Today we pay tribute to the war horses who fought on both sides during the Battle of Waterloo. If you read through the lists of Regiments who fought at the Battle, you will find that most had a veterinary surgeon assigned to their ranks. For all practical purposes, in the aftermath of the Battle there were hardly enough medical staff to care for the human wounded - hospitals were sadly understaffed and medical supplies lacking. The sheer number of wounded overwhelmed even the most dedicated of the medical staff attached to Wellington, the Allies and the French. Many horses were so badly maimed or wounded that they could not be saved, nor could they be allowed to suffer. Many soldiers who had just witnessed the most horrific human casualties on the battlefield still found the heart to put their equine brothers in arms out of their misery in the hours after the Battle.
Of course, there is no visual record of the bonds that were forged between soldiers and their mounts at Waterloo other than, perhaps, the Duke of Wellington's own bond that was forged with his horse, Copenhagen, with whom he shared command during the Battle.
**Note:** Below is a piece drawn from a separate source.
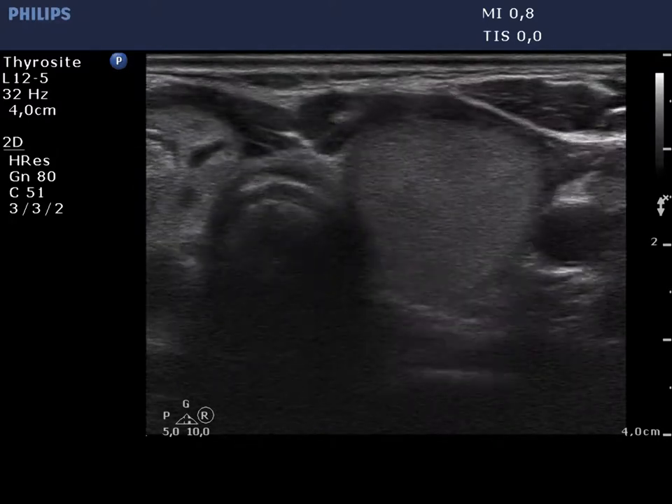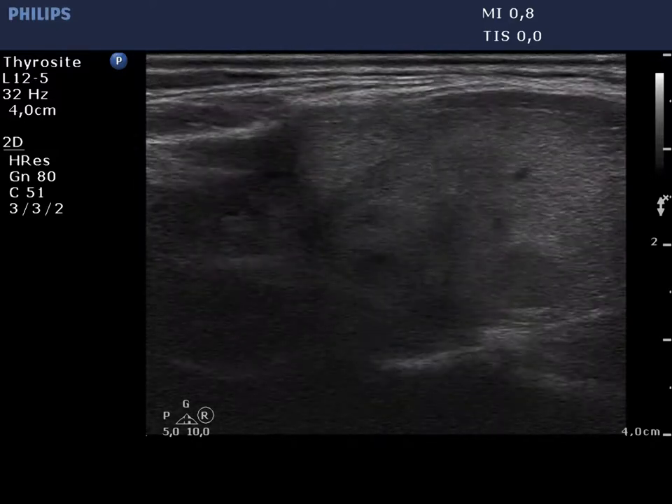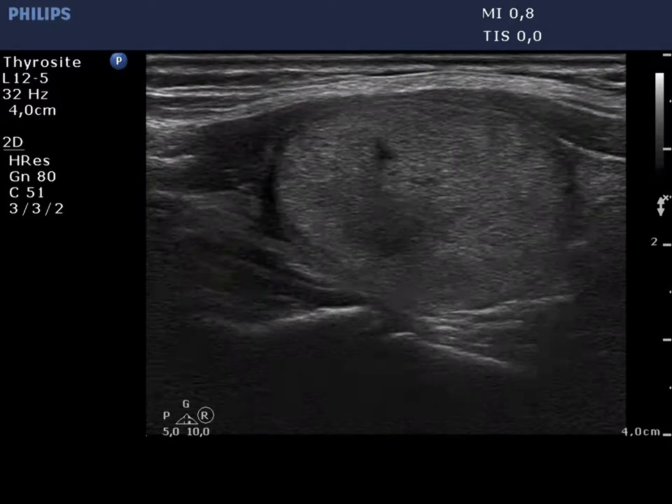Corresponding to the treated lesion in the left lobe, two discrete areas can be found. Both are minimally hypoechoic and inhomogeneous, and present a halo.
After living out his retirement at the Duke's country estate, Stratfield Saye in Hampshire, Copenhagen was buried with full military honours, his grave and tombstone still to be seen on the property.
Pure History Specials: War Horse - The Real Story (60 minutes) is a superbly made documentary that uses period film, first hand accounts and historians to tell the story of how the soldiers of World War I lived, cared for and fought with their horses and sheds light on the day to day bond they shared and the attachments they forged with these equine brothers, and sisters, in arms. Though WWI took place one hundred years after Waterloo, we can't help but believe that things hadn't changed all that much during the intervening century and that what held true in 1815 held true in 1914.